As we remember the past, we must commit to eliminate the injustices of the present that face Indigenous peoples

https://www.thestar.com/opinion/editorials/as-we-remember-the-past-we-must-commit-to-eliminate-the-injustices-of-the-present/article_20048770-da6c-567a-88ed-f25b9774fb58.html

It is proper that we remember the victims of the residential schools shame. Looking back is important. Looking ahead to seek change is crucial.

Saturday is a day of reflection in this country and a reminder that a mature nation takes stock of its past and does not attempt to hide from its wrongs.

The National Day for Truth and Reconciliation is a day of remembrance for the estimated 150,000 First Nations, Metis and Inuit children who attended residential schools in this country. It acknowledges the lifelong trauma endured by survivors and it honours the memory of those children who never came home.

The 2015 Truth and Reconciliation Commission found 3,201 confirmed student deaths, but Justice Murray Sinclair, who headed the commission, suggested the number could be much higher, perhaps 6,000. Later, he abridged his estimate upward to between 15,000 to 25,000.

To date, the National Centre for Truth and Reconciliation has documented 4,117 deaths. Their work continues. Work also continues to identify burial sites in communities which housed the schools. Ottawa has approved $149 million to support the work of locating, documenting and commemorating unmarked burials, but formal requests for funding are more than twice that figure.
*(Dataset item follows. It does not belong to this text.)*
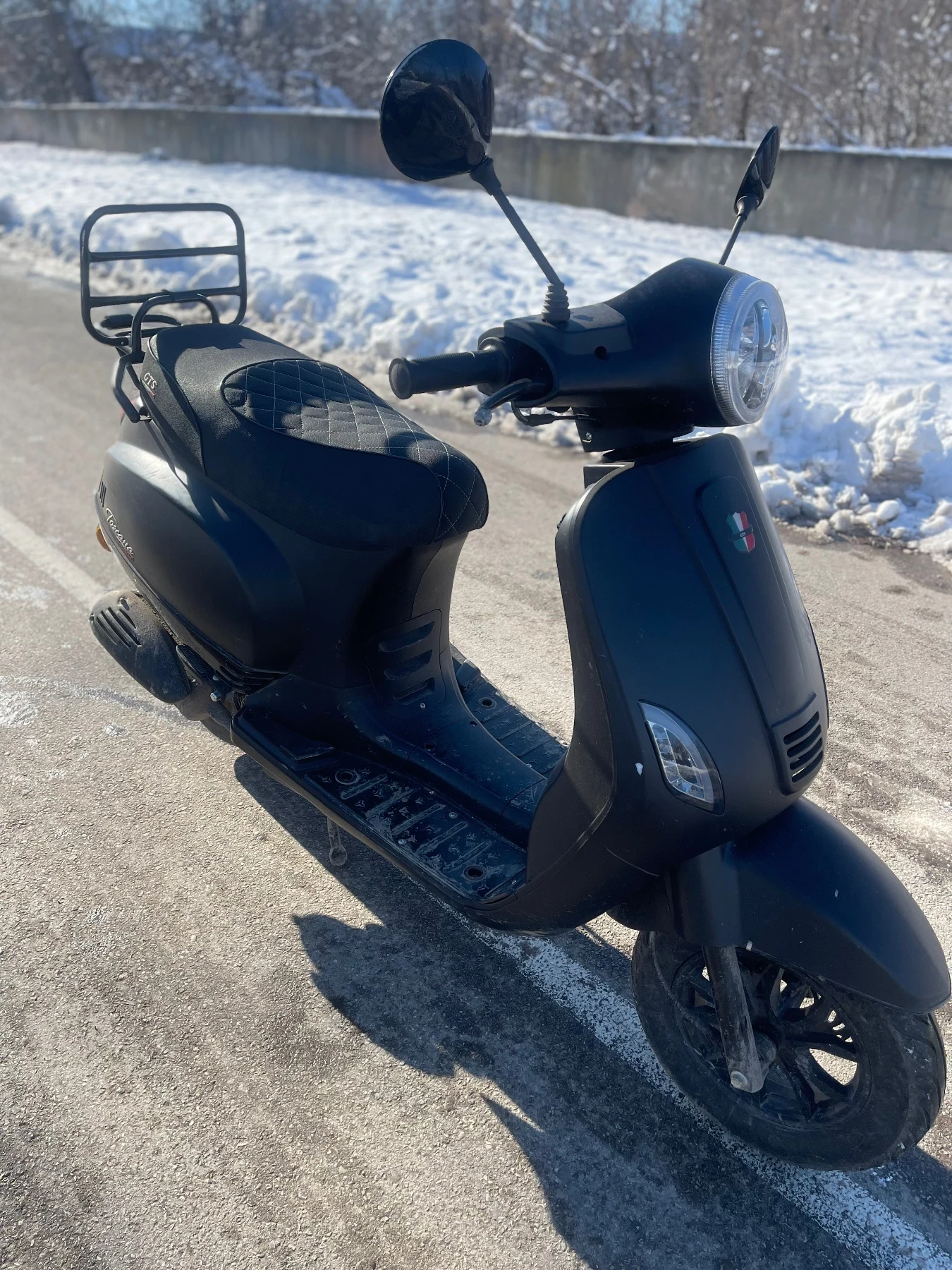 Vespa GTS  - изображение 2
Compensation for suffering has played out over many years, but continues with a deadline for applications by day scholars — students who went to the schools but did not stay overnight — looming at the end of this year.

We repeat these numbers because it is easy to forget. Canadians with their own pressing day-to-day concerns may tune out land acknowledgements and look past the wearing of orange shirts. Collective shame cannot turn to shrugs and today marks the culmination of an important week in which the history of residential schools was being taught in classrooms, discussed among academics and marked in ceremonies in small communities and big cities, culminating in the national commemoration on Parliament Hill. Governor General Mary Simon, the nation’s first Indigenous representative of the Crown, will honour those who perished.

While we focus today on the legacy of residential schools, it is also an opportune time to reflect on true progress on reconciliation. It is not a pretty picture and some of the inequities and distress caused by generations of oppression and trauma stubbornly remain.

According to the most recent census, 7.7 per cent of Canada’s child population is Indigenous, but almost 54 per cent of children in foster care are Indigenous. The Conference Board of Canada released research this week showing, on average, a First Nations person who grows up in care faces a lifetime income shortfall of more than $1.2 million compared to a non-Indigenous person from the general population.

When Justin Trudeau came to power in 2015, he vowed to end all boil water advisories on reserves in five years. That was laudatory and progress has been made, but the timeline proved foolhardy and eight years later 28 reserves remain without potable water. The government now aims to remedy this by the end of 2025. A National Action Plan by the government in response to the Inquiry into Murdered and Missing Indigenous Women and Girls has been criticized for a lack of meaningful action as violence against Indigenous women continues. The Native Women’s Association of Canada called the government response a “failure.”

Indigenous Canadians are disproportionately incarcerated. Indigenous inmates represent 28 per cent of the population in federal prisons while comprising 4.3 per cent of the overall population. Fully 40 per cent of women incarcerated in federal institutions are of Indigenous ancestry.

In Manitoba, where New Democrat Wab Kinew may become the nation’s first First Nations premier on Tuesday, his Progressive Conservative opponent Heather Stefanson is attempting to make an electoral virtue of the fact she refused to spend the money needed to search for the remains of murdered Indigenous women believed buried in a landfill. Closer to home, Indigenous leaders are accusing Premier Doug Ford of proceeding with mining on their lands in the northern Ring of Fire without their consent.

Today, it is proper that we remember and honour the victims of the residential schools shame, a history that is all too recent. It is also proper to remember and reflect on the many ways true reconciliation remains elusive. The economic and social barriers that continue to confront Indigenous Canadians are evidence of that. Looking back is important. Looking ahead to seek change is crucial.